Epigenetic mechanisms play a crucial role in regulation of gene expression, and different epigenetic processes are involved in gene silencing.1 DNA methylation and histone modifications are 2 important reversible mechanisms of epigenetic regulation of gene expression.2, 3 Silencing of cancer-associated genes by hypermethylation of CpG islands within the promoter and/or 5′-regions is a common feature of human cancer and is often associated with partial or complete transcriptional block.4 However, some genes are repressed without apparent hypermethylation at the promoters.5, 6 Histone modifications are another key player in epigenetics.7 Deacetylation of H3 and H4, demethylation of H3 lysine 4 (H3K4) and methylation of H3 lysine 9 (H3K9) are markers of transcriptionally silent heterochromatin.8 Today, histone modifications are recognized as playing a primary role in the control of gene expression and chromatin structure and are closely involved with DNA methylation.7 These processes have been shown to be involved in the inactivation of many tumor suppressor genes.9, 10
sFRP2 is one such putative tumor suppressor gene. This gene is a negative modulator of the Wingless-type (Wnt) signaling pathway and its loss has been associated with aberrant activation of the Wnt signaling cascade.11 Wnt antagonists, including sFRP2, are thought to bind Wnt ligands and prevent or modulate Wnt binding to cognate receptors of the Frizzled family.12, 13 The functional loss of Wnt antagonists can contribute to activation of the Wnt pathway and result in carcinogenesis through dysregulation of cell proliferation and differentiation.14 Hypermethylation of the sFRP2 gene has been reported in gastric, colorectal and bladder cancers.15–17 McGarvey et al.18 investigated the methylation status and histone modifications of sFRP1, sFRP2 and sFRP5 genes in colorectal cancer cells. In renal cell carcinoma (RCC), we have shown previously that methylation analysis of Wnt antagonist genes may have diagnostic and prognostic value in the detection and management of RCC.14 However, there have been no other previous reports documenting involvement of histone modifications in sFRP2 repression in RCC.

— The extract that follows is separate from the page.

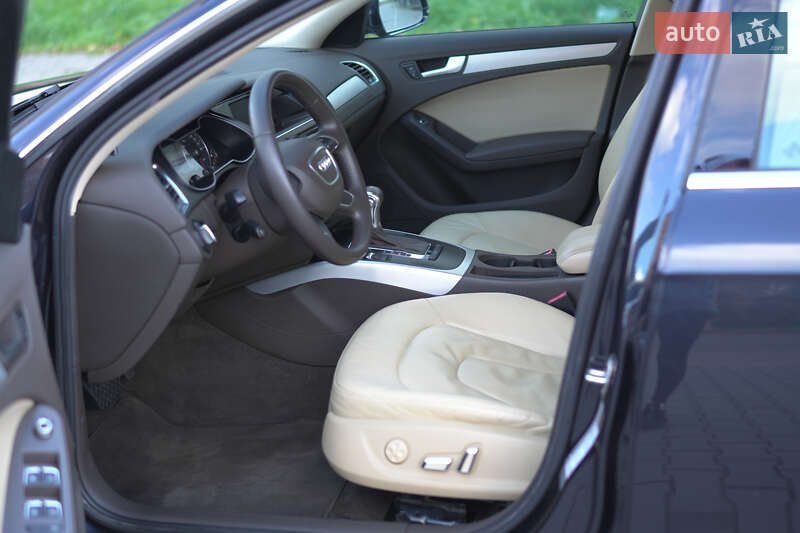 Седан Audi A4 2014 в Киеве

Therefore, in our study, to gain a further understanding of the epigenetic mechanisms involved in sFRP2 expression, such as DNA methylation, and histone modifications, we used a chromatin immunoprecipitation (ChIP) assay to assess histone acetylation and methylation. We found that DNA methylation was the major epigenetic mechanism for a repressed sFRP2 gene in RCC cells, while occasionally it was silenced by histone modification without DNA methylation. Expression of the sFRP2 gene silenced by methylation could be restored by a DNA methyltransferase inhibitor or histone deacetylase inhibitor. However, the histone deacetylase inhibitor could reactivate the silenced sFRP2 gene only in hypomethylated cells. Our results provide evidence for the underlying mechanisms of the epigenetic regulation of the sFRP2 gene in RCC cells.
Material and methods
Tissue samples and cell culture
A total of 20 newly diagnosed RCC tissues from radical nephrectomy were obtained from the Veterans Affairs Medical Center San Francisco, CA. Informed consent was obtained from all patients. HK-2, a SV-40-immortalized human renal tubular cell line and human RCC cell lines Caki-1, Caki-2, A-498 and ACHN were obtained from the American Type Culture Collection (Manassas, VA). The HK-2 cell line was maintained in keratinocyte serum-free medium (GIBCO Laboratories, Grand Island, NY) supplemented with 50 μg/mL bovine pituitary extract, 5% L-glutamine and 5 ng/mL epidermal growth factor (EGF). The Caki-1 and Caki-2 cell lines were incubated in McCoy's 5A medium supplemented with 10% fetal bovine serum. The A498 and ACHN cell lines were maintained in Eagle's minimal essential medium supplemented with 10% fetal bovine serum. All cells were maintained in a humidified incubator (5% CO2) at 37°C. In the drug treatment experiments, cells were split on Day 0 at 8 × 105/100 mm tissue culture dish. For 5-aza-2′-deoxycytidine (DAC; Sigma, St. Louis, MO) treatment, DAC was added on day 1 at a dose of 1.0 μM. Culture medium was changed on Day 4, and fresh DAC was added. Cells were incubated for a total 7 days. For trichostatin A (TSA, Upstate Biotechnology, Lake Placid, NY) treatment, 300 nM TSA was added to the media on Day 2 and cells were incubated with TSA for 24 hr. For combined treatment, cells were split on Day 0 and treated with 1.0 μM DAC starting on Day 1. Culture medium was changed on Day 4, and fresh DAC was added. Culture medium was changed on Day 7, and 200 nM TSA was added during the last 24 hr. Total RNA and genomic DNA were isolated using the AllPrep DNA/RNA Mini kit (Qiagen, Valencia, CA) following the manufacturer's directions.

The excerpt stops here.